Earlier I offered a lame explanation in an attempt to justify the tardiness of my review, considering the album’s springtime release. But let’s get to the real reason. Currently, it’s Autumn – October to be specific. And this album is absolutely made for fall listening. The name Demon conjures up images of that most famous of October celebrations, Halloween. The CD case is a fall color, not unlike one you might see on a dying leave that is going out in one last blaze of colorful glory. And the music … well, it’s hard to define, but it’s definitely fall music. Recently, on Brad’s Facebook page, I saw him shout his love for the month of October, describing it as “purgatorial twilight.” I cannot think of a better light in which to listen to this album. Not the dark, certainly not the bright light of mid-day sun. But late in a fall day, when the last gasps of sunlight collide with the spectacular fall colors that both marvel our sight but also portend the cold grayness of winter is approaching?

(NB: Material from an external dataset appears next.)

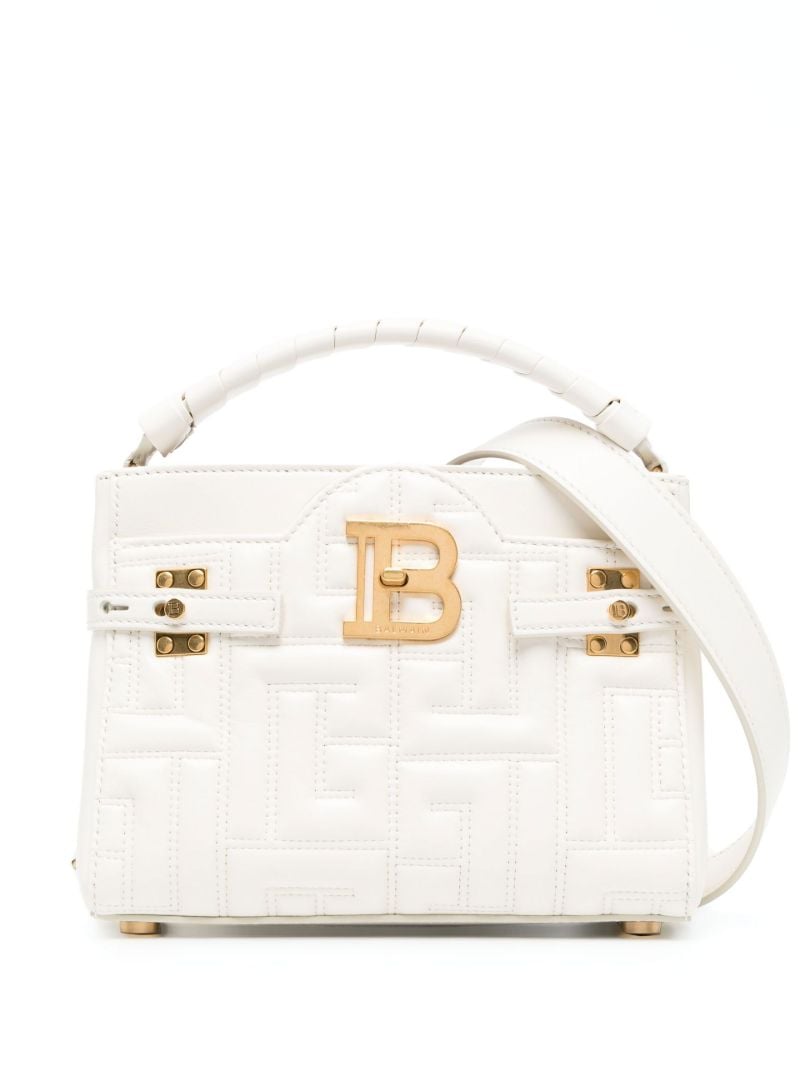 White B-buzz 22 Quilted Leather Bag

There could not possibly be a better time to listen to Demon.
If you are one of those lucky souls that lives in an area with a noticeable change of seasons, this is the time you need to get out this album and give it another listen (or a first listen if you haven’t heard it yet). Put the CD in your car’s player, grab your iPod, whatever. Just make sure you are outside toward the end of the day in the light described above … and immerse yourself in the beautiful madness that is Demon.
The Love Story Part:
It’s a little over two years now since I heard my first Gazpacho album, Night to be specific. Since that time, I’ve worked my way forward through their catalog, listening to and owning everything right up through Demon. While I still haven’t perused any of their pre-Night catalog, I’ve definitely heard enough to have seriously fallen in love with the music of this incredible band.
Describing the music of Gazpacho to someone who has never heard it is a bit of a challenge. In my review of Tick Tock, I described them subtle and meticulous. While those adjectives certainly ring true, they only convey a small part of the story. Another time recently, while introducing someone to Gazpacho, I described them as a cross between Pink Floyd and late-era Talk Talk. That also conveys part of the story, but by no means does it in full. On another prog site I occasionally visit, I have seen them described as crossover prog … I still have no idea what that means. And I’ve seen a number of other descriptions of Gazpacho, many of which give part of the picture, but none that quite give the whole. It’s not like describing a band such as Iron Maiden as heavy metal. That description gives you a pretty good idea of what they are about, at least in a musical sense. With Gazpacho, giving a two or three word description is never going to be sufficient.
In fact, even describing them as being progressive can be problematic. Don’t get me wrong, I would classify Gazpacho unequivocally as being prog. But they are unlike any other band in the genre.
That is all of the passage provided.